An Afternoon in Harlem is an album by trumpeter Hugh Ragin. It was recorded on December 6 and 7, 1998, at Sound on Sound Studios in New York City, and was released in 1999 by Justin Time Records. On the album, Ragin is joined by bass clarinetist David Murray, pianist Craig Taborn, bassist Jaribu Shahid, and drummers Bruce Cox and Andrew Cyrille. Amiri Baraka also appears on the track titled "When Sun Ra Gets Blue."

==Reception==

In a review for AllMusic, Michael G. Nastos called the album a "gem of a CD," and wrote: "Ragin effectively utilizes moderate lyricism and a bright, warm, well-rounded tone, stretching phrases and elongating ideas... He's a free bop player who explores modalities, no-time segments, and impressionistic views of the African-American heritage of his current Harlem home... If you're into bop with avant sensibilities, this is one you'll want in your collection."
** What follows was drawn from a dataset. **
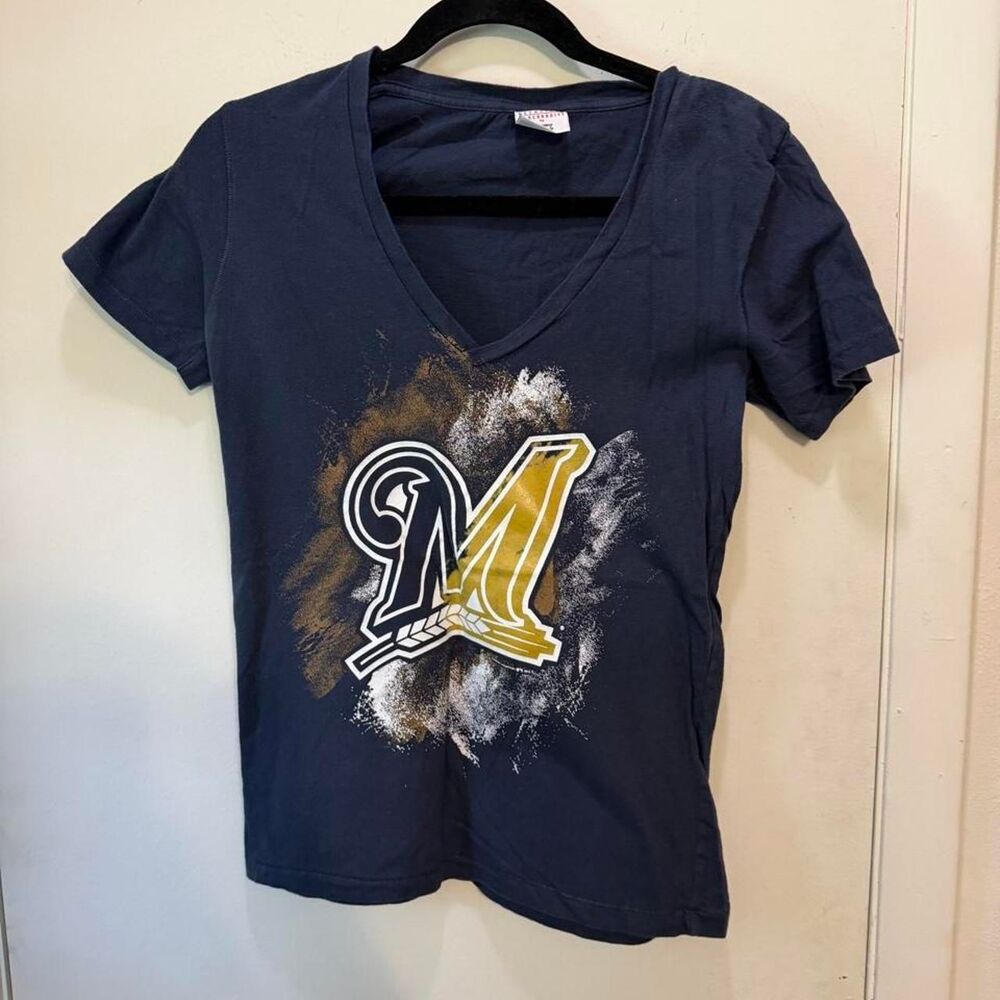 Mlb Women's Black and Navy T-shirt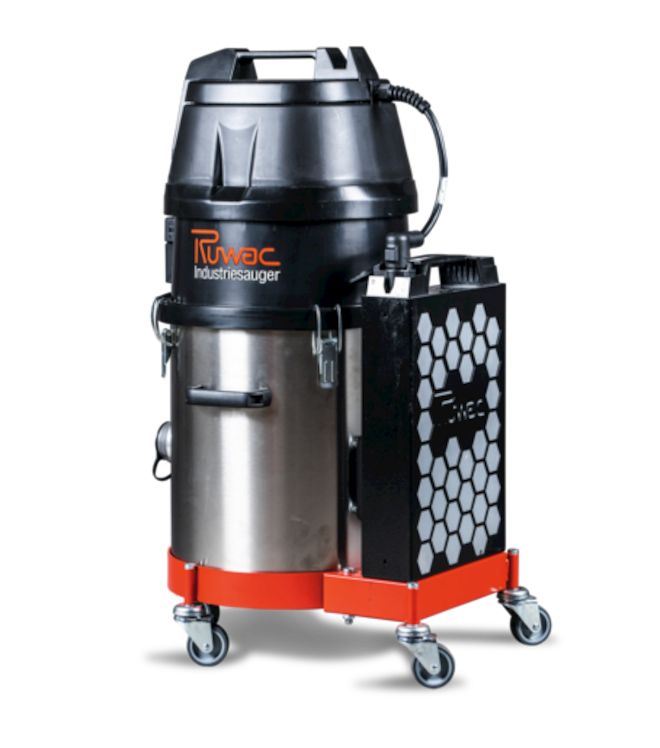 Industrie Akkusauger Ruwac R18 D von Stangl mit Edelstahlgehäuse zum kabellosen Saugen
The authors of The Penguin Guide to Jazz Recordings praised Ragin's "considerable range" and "full, almost vocalized tone," and stated that he "has grown steadily in stature since his first appearances as a leader."

Bill Shoemaker of JazzTimes commented: "Ragin establishes an inviting straight-up feel by opening the album with an easy swinging, mid-tempo blues and an uptempo boppish blues. Ragin then spends the remainder of the quartet performances slyly stretching the program to encompass free bop, avantish ballad forms, and envelope-pushing structures."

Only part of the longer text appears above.